Standard Chartered Europe CEO Richard Holmes to Leave Firmby and
Tracy Clarke, head of Europe and Americas, to take over duties
CEO Winters cutting costs to lift returns at Asia-focused bank
Standard Chartered Plc’s chief executive officer for Europe, Richard Holmes, is leaving after eight years at the London-based lender amid Bill Winters’s management overhaul.
From August his responsibilities will be taken over by Tracy Clarke, who last July was made regional CEO for Europe and the Americas, Holmes said by telephone. Holmes will spend more time on his philanthropic work and consider non-executive boardroom positions, he said.
Since taking over from Peter Sands in June, CEO Winters, 54, has replaced several executives and is cutting 15,000 jobs worldwide to help save $2.9 billion. Winters increased his oversight by appointing a 13-member management team reporting directly to him and reduced the number of regional heads to four, including China and North Asia, South Asia, and Africa and the Middle East.

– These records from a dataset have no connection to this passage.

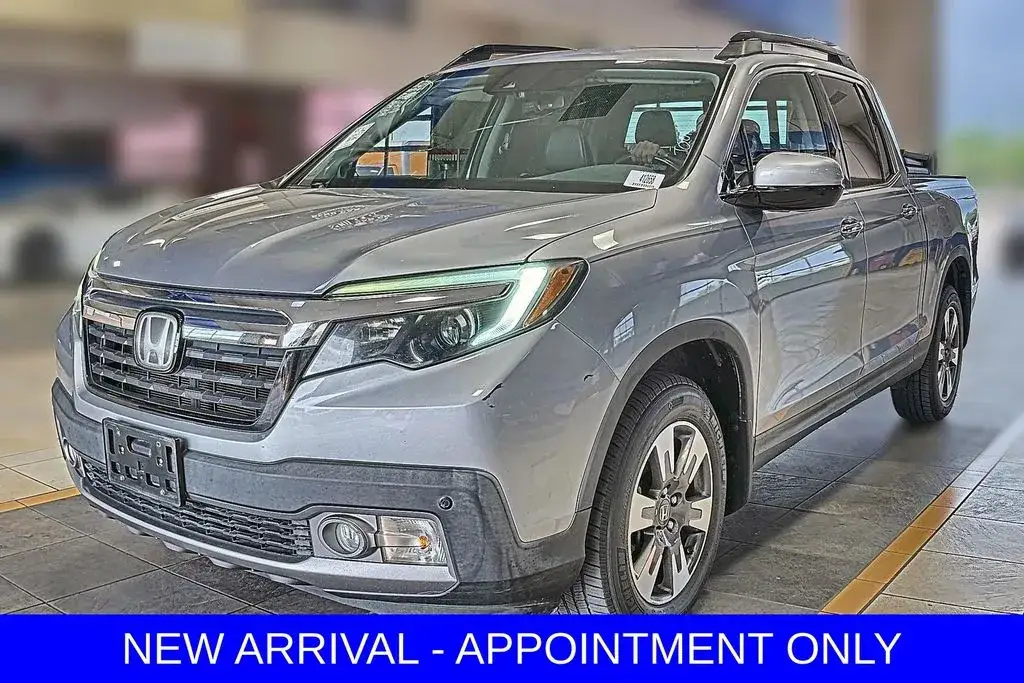2017 Honda Ridgeline RTL AWD E photo 1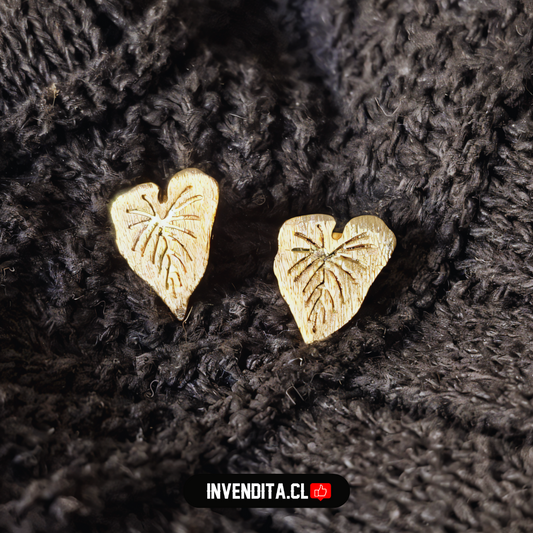 Aros enchapados en oro corazones de hojas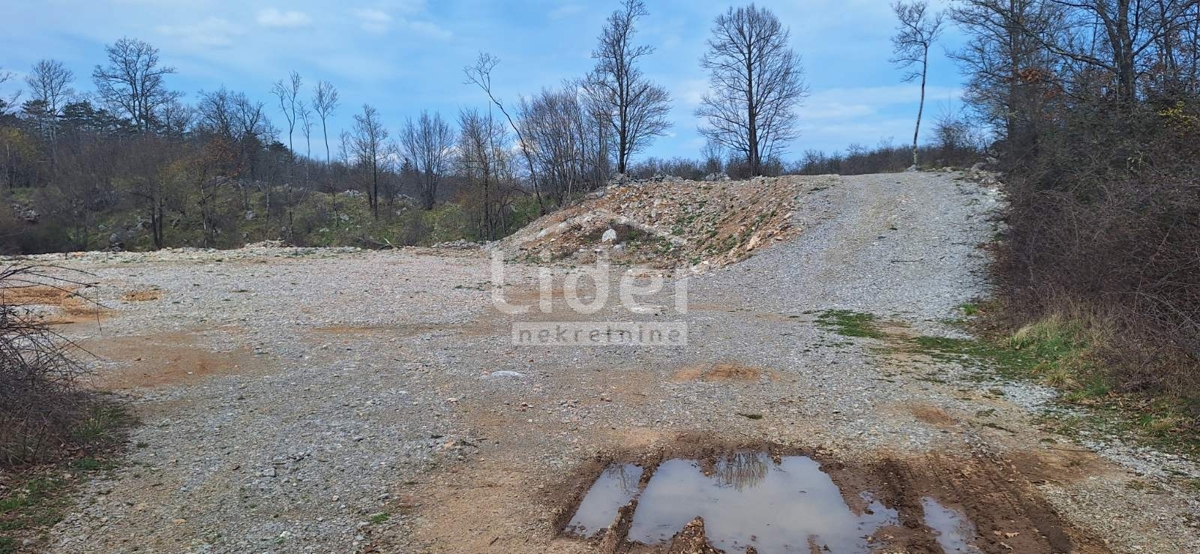 Zemljišče Breza, Klana, 2.692m2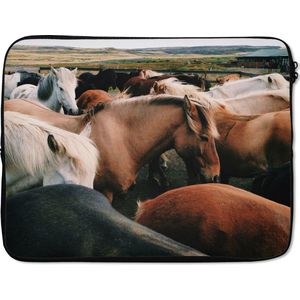 Laptophoes 17 inch - Paarden - Dieren - Wild - Laptop sleeve - Binnenmaat 42,5x30 cm - Zwarte achterkant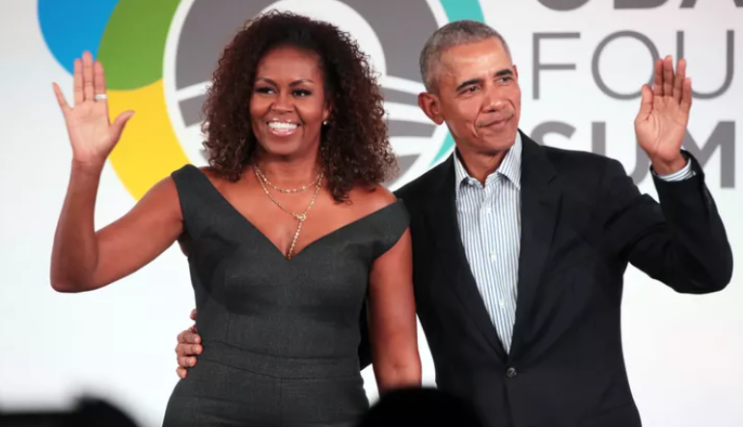 버락 오바마, 미셸과의 결혼 생활에서 힘든 시기에 대해 언급: '백악관에서 벗어나는 것은 확실히 도움이 됩니다.'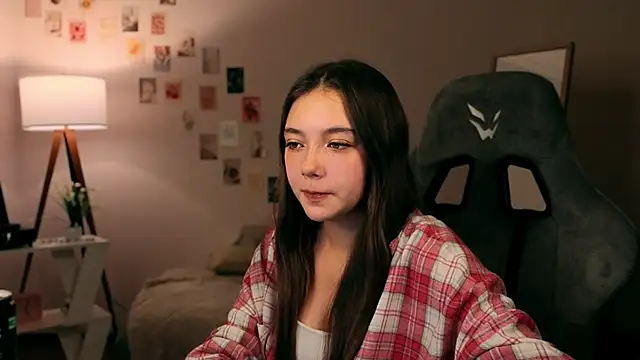 Snapshot of Vexorine chatting on 11.24.25 Vexorine online show from 11.24.25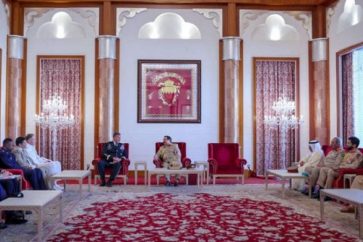Rencontre du roi de Bahreïn, Hamad ben Issa Al-Khalifa, avec le chef du commandement central américain, le général Michael Kurilla, à Manama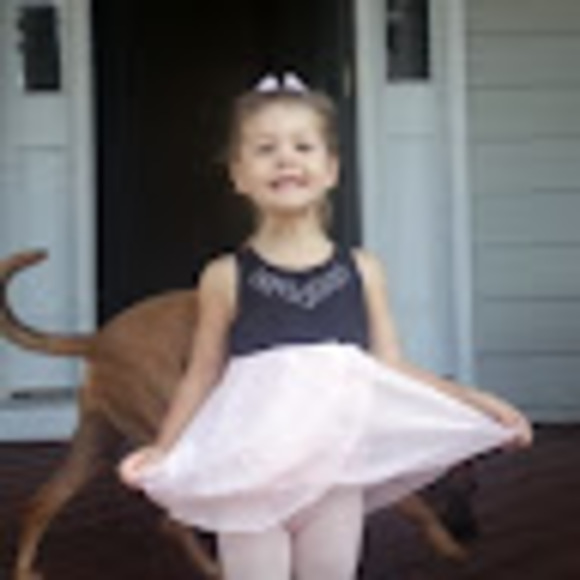 Meet your Posher, Allison - Picture 1 of 1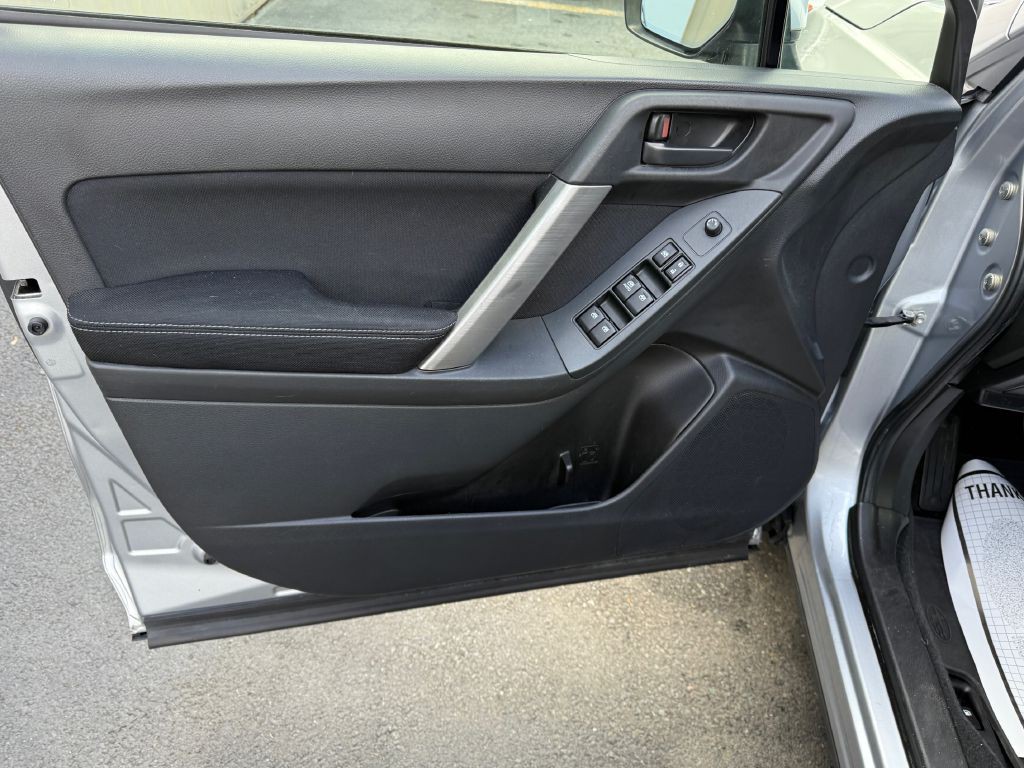 2014 Subaru Forester Image 14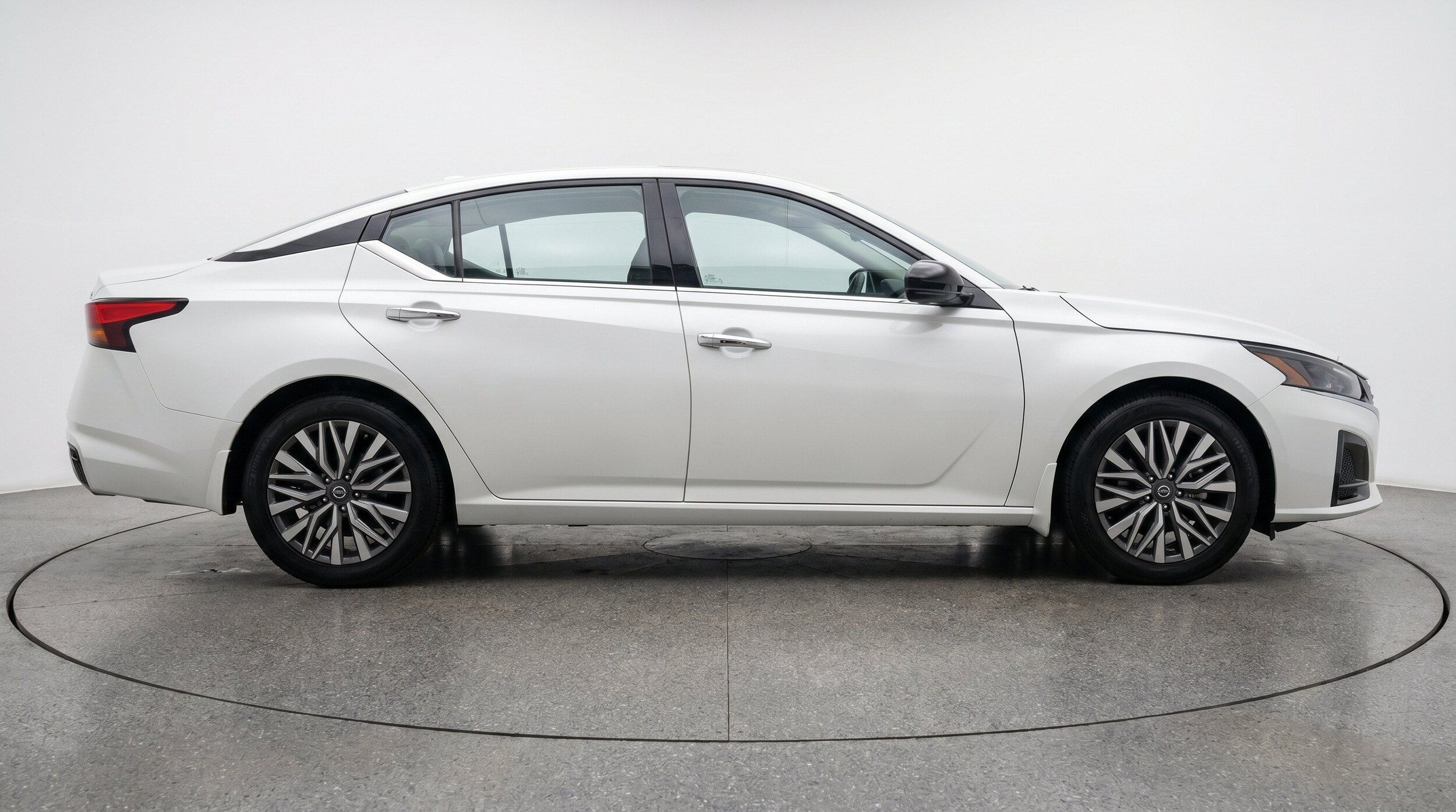 Thumbnail: 2025 Nissan Altima - 11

Holmes said he’d been asked to stay on at the bank for the last year to help Winters during the management transition.
Holmes was previous head of American Express Co.’s banking arm in New York and studied economics at Cambridge University. He represented Standard Chartered on the boards of several industry lobbies, including the British Bankers’ Association and TheCityUK.
Standard Chartered generated $581 million in operating revenue in the Europe region in 2015, about 4 percent of the bank’s total, according to its annual report.
Clarke joined Standard Chartered in 1985 and has worked for the firm in the U.K. and Hong Kong. Clarke, who previously also oversaw compliance and human resources and is listed on the bank’s website in that role, gave up those responsibilities earlier this year, said Simon Kutner, a spokesman for the London-based company.
Winters was hired to turn around the Asia-focused bank, which has been hit by a surge in loan impairments and falling revenue as growth slows in emerging markets. The shares are trading at about half the value of the bank’s assets and have fallen about 8 percent this year.
(A previous version of this story corrected the description of Clarke’s role.)